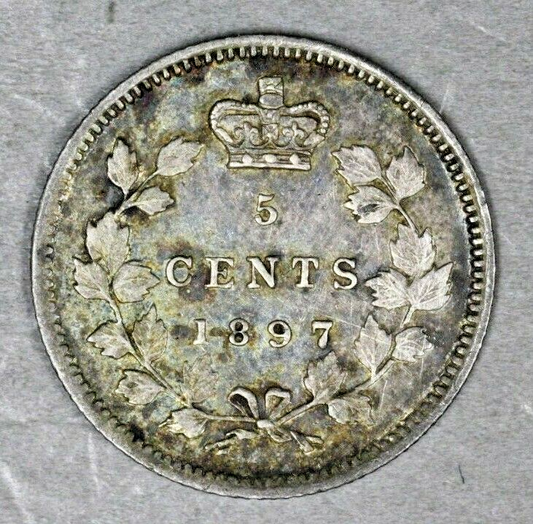 Canada 1897 Silver 5 Cent Original AU  A3170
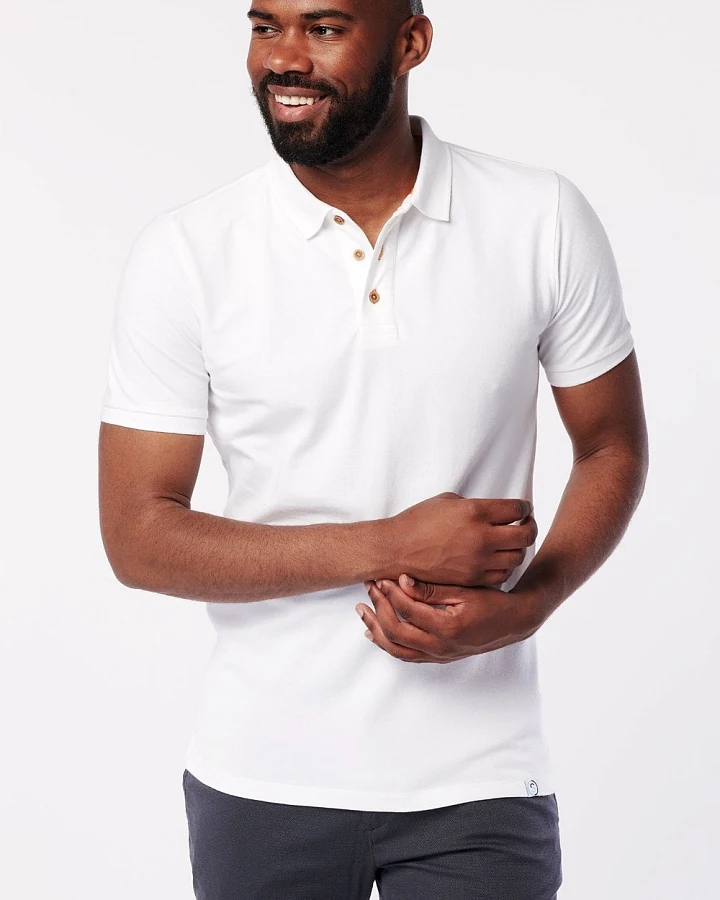 SKOT Herren vegan Polo Real White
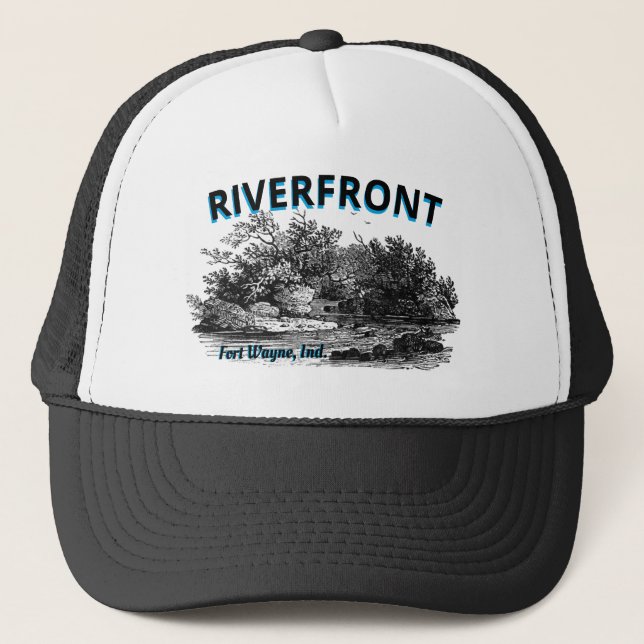 Riverfront Fort Wayne, Indiana Trucker Hat Truckerkappe (Vorderseite)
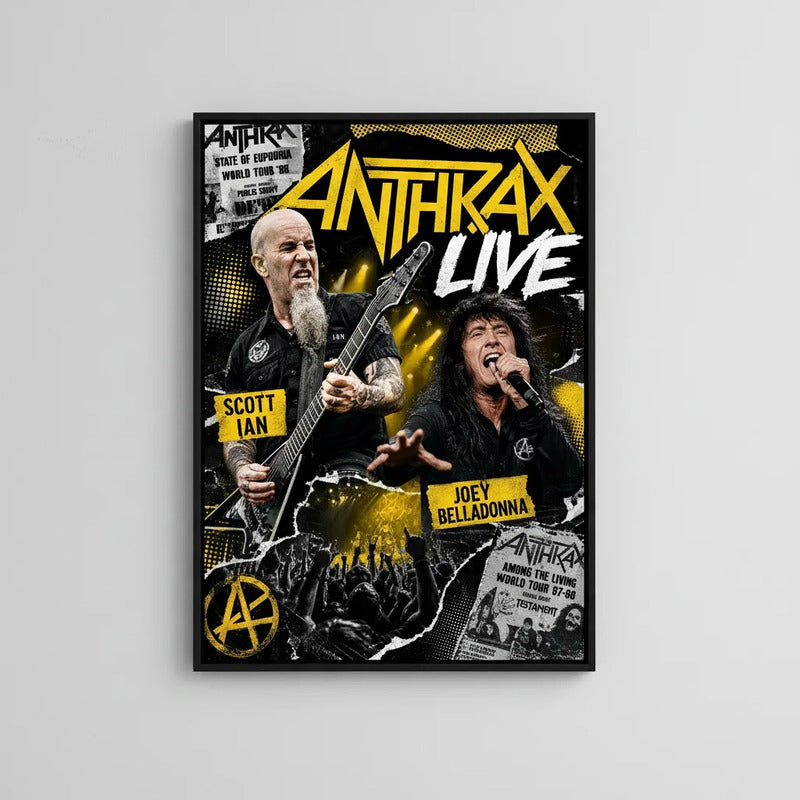 Cuadro Anthrax New York Thrash Heavy Metal Rock Arte Vintage Marco Negro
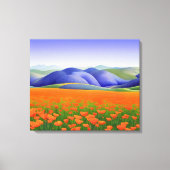 Superbloemen | Landschap Surreal Poppies Canvas Afdruk (Voorkant)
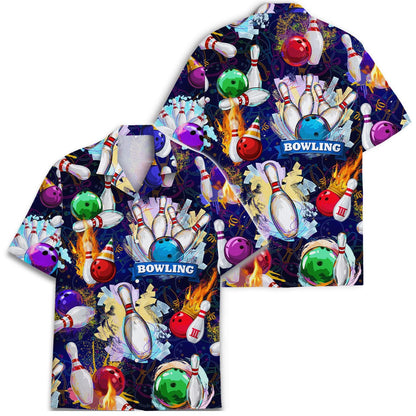 Front and back views of bowling-themed Hawaiian shirt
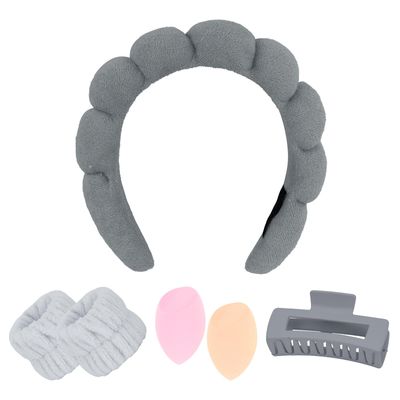CAVETEE Skincare Headband for Washing Face, Spa Headband Wristband, Hair Claw Clips and Makeup Sponge,Bubble Headband Makeup Headband for Women Girls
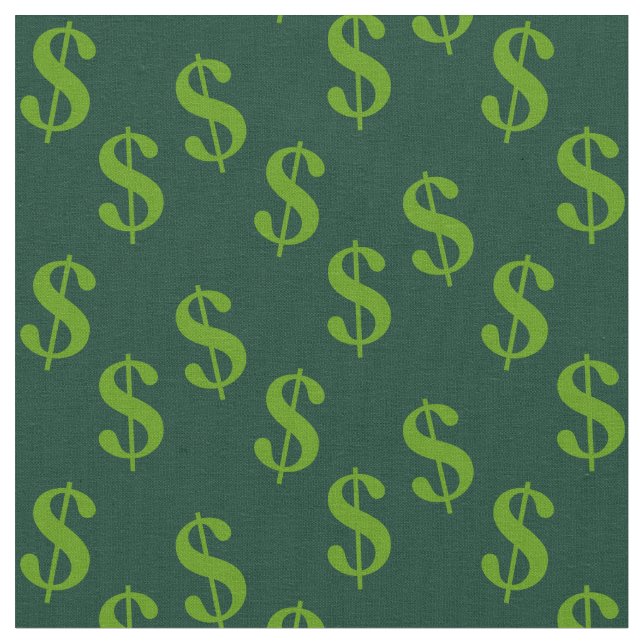 Tissu vert foncé avec panneaux en dollars Imprimer (Fermer)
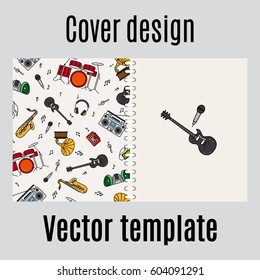 Cover design for print with music instrument pattern. Vector illustration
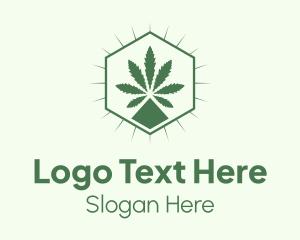 Weed Dispensary Hexagon Logo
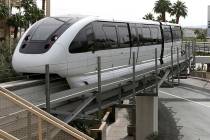A Las Vegas Monorail approaches MGM Station. (Bizuayehu Tesfaye/Las Vegas Review-Journal)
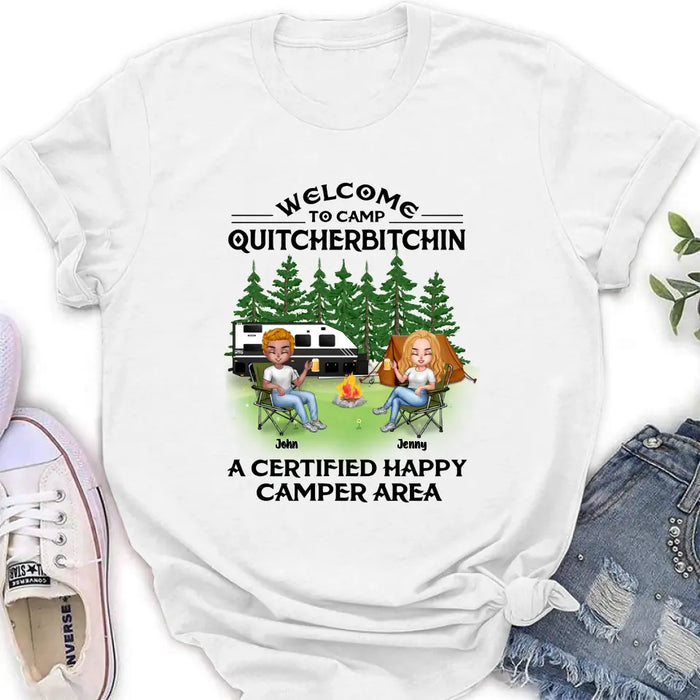 Custom Personalized Camping Shirt/Hoodie - Upto 7 People - Gift Idea for Camping Lovers - Welcome To Camp Quitcherbitchin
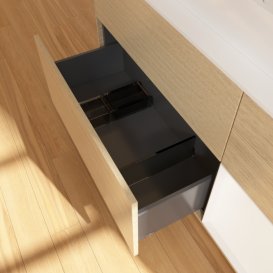 Тумба под раковину Villeroy & Boch Finion 120х50,1 см с подсветкой МДФ шпон дуба/стекло белое матовое F421MTPC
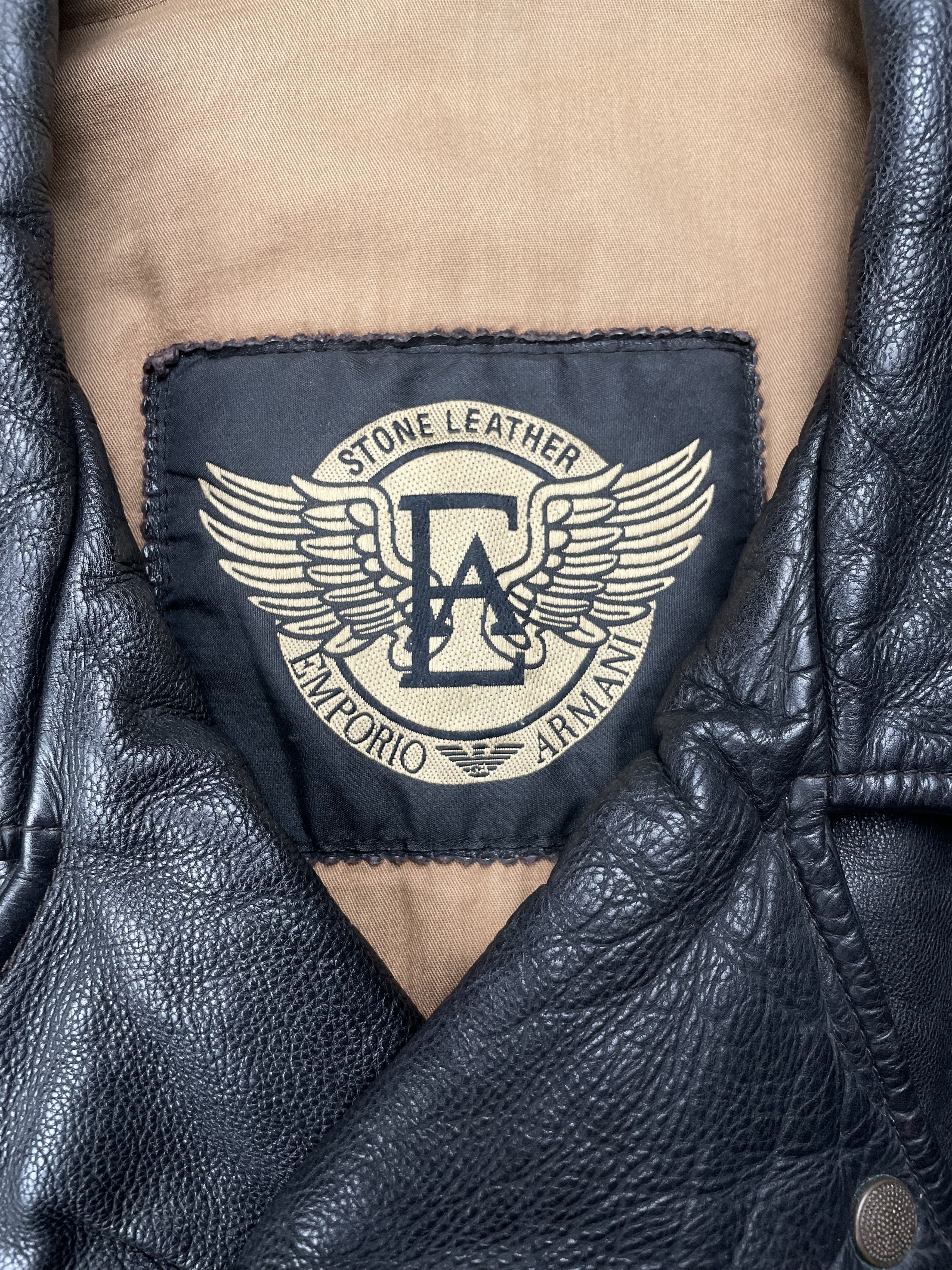Emporio Armani vintage Emporio Armani 1990's biker Stone Leather jacket Size US L / EU 52-54 / 3 - 10 Thumbnail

□ □ □ □ □

Nothing but the lines above from the line with "Riverfront Fort Wayne, Indiana" up to and including the line with "Custom Personalized Camping" should be returned, exactly as written and without pictures.

### Response to this task
 Riverfront Fort Wayne, Indiana Trucker Hat Truckerkappe (Vorderseite)
 Cuadro Anthrax New York Thrash Heavy Metal Rock Arte Vintage Marco Negro
 Superbloemen | Landschap Surreal Poppies Canvas Afdruk (Voorkant)
 Front and back views of bowling-themed Hawaiian shirt
CAVETEE Skincare Headband for Washing Face, Spa Headband Wristband, Hair Claw Clips and Makeup Sponge,Bubble Headband Makeup Headband for Women Girls
 Tissu vert foncé avec panneaux en dollars Imprimer (Fermer)
 Cover design for print with music instrument pattern. Vector illustration
 Weed Dispensary Hexagon Logo
A Las Vegas Monorail approaches MGM Station. (Bizuayehu Tesfaye/Las Vegas Review-Journal)
 Custom Personalized Camping Shirt/Hoodie - Upto 7 People - Gift Idea for Camping Lovers - Welcome To Camp Quitcherbitchin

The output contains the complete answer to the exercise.